DER REIZ DES VERBORGENEN
Thorsten Havener (46) liebt das Rätselhafte und Geheimnisvolle. Der Mentalist und Zauberkünstler beschäftigt sich seit seinem 13. Lebensjahr mit dem Thema und betont, dass Geheimnisse keineswegs nur dunkel und schwer sind. Um die positiven Facetten von Heimlichkeiten geht es auch in seinem aktuellen Buch „Sag es keinem weiter“. „Für mich ist ein Geheimnis das, was ich bewusst nicht weitererzähle. Und darin bin ich schon allein von Berufs wegen ziemlich gut. Nur durch das Verborgene kann in den Köpfen meiner Zuschauer eine magische Welt entstehen. Würden meine Tricks gelüftet werden, könnte ich einpacken.“ Dennoch, sagt Havener, habe auch das Teilen von Heimlichkeiten einen wichtigen Sinn.

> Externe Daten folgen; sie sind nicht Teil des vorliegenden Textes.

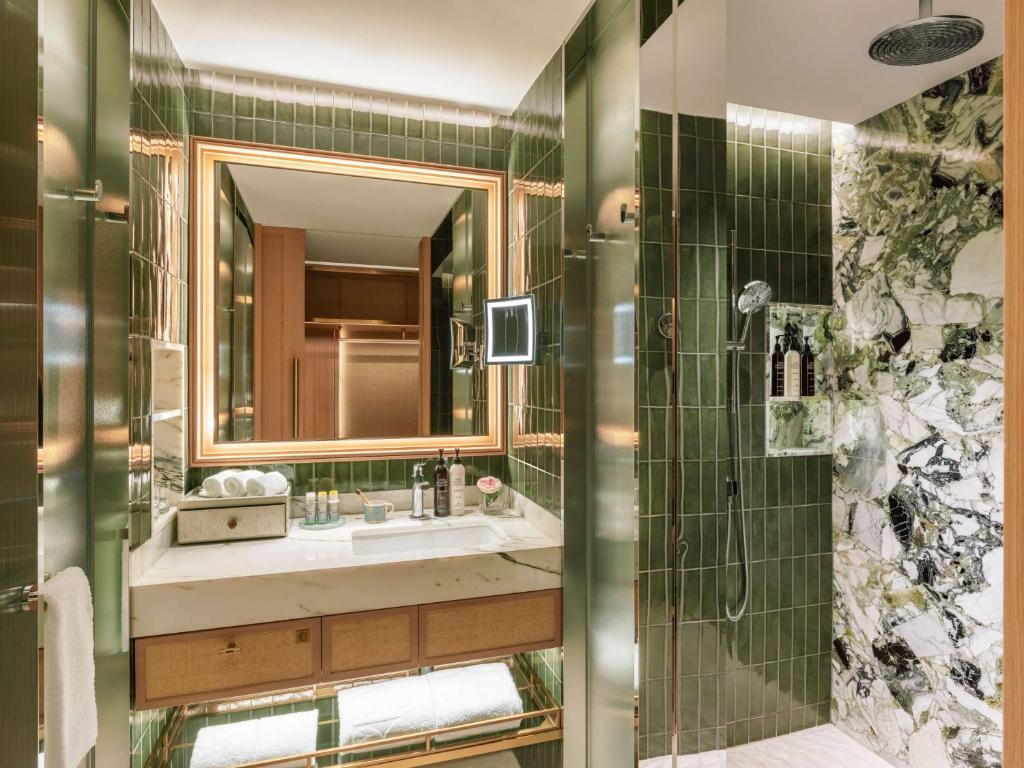 a bathroom with a sink and a shower at Island Shangri-La, Hong Kong in Hong Kong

GEHEIMNISSE SCHAFFEN NÄHE UND DISTANZ
„Bei der Recherche zu meinem Buch bin ich auf den schönen Satz gestoßen: ,Geheimnisse sind die Währung der Freundschaft.‘ Wir entscheiden, mit wem wir ein Geheimnis teilen. Sobald wir das tun, demonstrieren wir demjenigen gegenüber unser Vertrauen. Geheimnisse können also Menschen verbinden und Beziehungen stärken.“ Mit seinen Kindern, erzählt Thorsten Havener weiter, teile er regelmäßig ganz besondere Heimlichkeiten: „Wenn ich in eine Fernsehsendung eingeladen bin, vereinbaren wir vorher geheime Zeichen. Das sind unauffällige Bewegungen, anhand derer sie am Fernseher sehen, dass ich an sie denke.“ Heimlichkeiten haben aber auch etwas Trennendes: Wer nicht eingeweiht ist, gehört nicht zum Inner Circle. Das kann schmerzen. Im Falle von Pubertierenden sind Rückzug und Geheimniskrämerei allerdings wichtig für deren Entwicklung. Auch wenn’s nervt, sollten wir ihnen ihre Heimlichkeiten lassen. So erleben Jugendliche Autonomie und Unabhängigkeit.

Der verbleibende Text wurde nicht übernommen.